Hey, I’m all for technology. I’m also all for calling a cab or Uber if I need to. But what if that meant getting in a driverless car? Would you still be comfortable? It’s not so futuristic…it’s happening in Pittsburg beginning this month. So, be on the lookout!
Near the end of 2014, Uber co-founder and Chief Executive Officer Travis Kalanick flew to Pittsburgh on a mission: to hire dozens of the world’s experts in autonomous vehicles. The city is home to Carnegie Mellon University’s robotics department, which has produced many of the biggest names in the newly hot field. Sebastian Thrun, the creator of Google’s self-driving car project, spent seven years researching autonomous robots at CMU, and the project’s former director, Chris Urmson, was a CMU grad student.
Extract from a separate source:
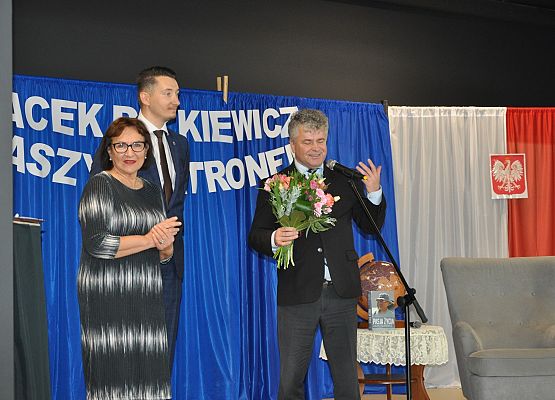 Nowa szkoła w podlęborskich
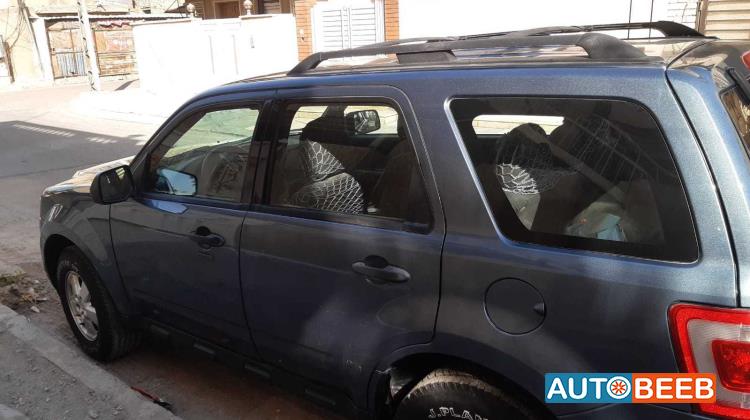 فورد اسكايب 2012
“Travis had an idea that he wanted to do self-driving,” says John Bares, who had run CMU’s National Robotics Engineering Center for 13 years before founding Carnegie Robotics, a Pittsburgh-based company that makes components for self-driving industrial robots used in mining, farming, and the military. “I turned him down three times. But the case was pretty compelling.” Bares joined Uber in January 2015 and by early 2016 had recruited hundreds of engineers, robotics experts, and even a few car mechanics to join the venture. The goal: to replace Uber’s more than 1 million human drivers with robot drivers—as quickly as possible.
Starting later this month, Uber will allow customers in downtown Pittsburgh to summon self-driving cars from their phones, crossing an important milestone that no automotive or technology company has yet achieved. Google, widely regarded as the leader in the field, has been testing its fleet for several years, and Tesla Motors offers Autopilot, essentially a souped-up cruise control that drives the car on the highway. Earlier this week, Ford announced plans for an autonomous ride-sharing service. But none of these companies has yet brought a self-driving car-sharing service to market.
Uber’s Pittsburgh fleet, which will be supervised by humans in the driver’s seat for the time being, consists of specially modified Volvo XC90 sport-utility vehicles outfitted with dozens of sensors that use cameras, lasers, radar, and GPS receivers. Volvo Cars has so far delivered a handful of vehicles out of a total of 100 due by the end of the year. The two companies signed a pact earlier this year to spend $300 million to develop a fully autonomous car that will be ready for the road by 2021.
Personally, like all other new technology that comes on the market, I’d like to wait until Uber gets all the ‘bugs’ worked out with their programs for their driverless cars. I can’t imagine how this will effect insurance rates or insurance companies. Though, I do have to say…it should make for a very interesting Halloween this year. I see a lot of pranks coming…like this one…
or how about this one…?
So Hey! Let’s be careful out there…especially if you’re in Pittsburg and you see a Uber self-driving car. One thing’s for certain, you won’t be able to flip the guy the bird…there won’t be any guy to flip to! And thank goodness I don’t live in San Francisco, I hear Uber’s testing big-rig trucks there.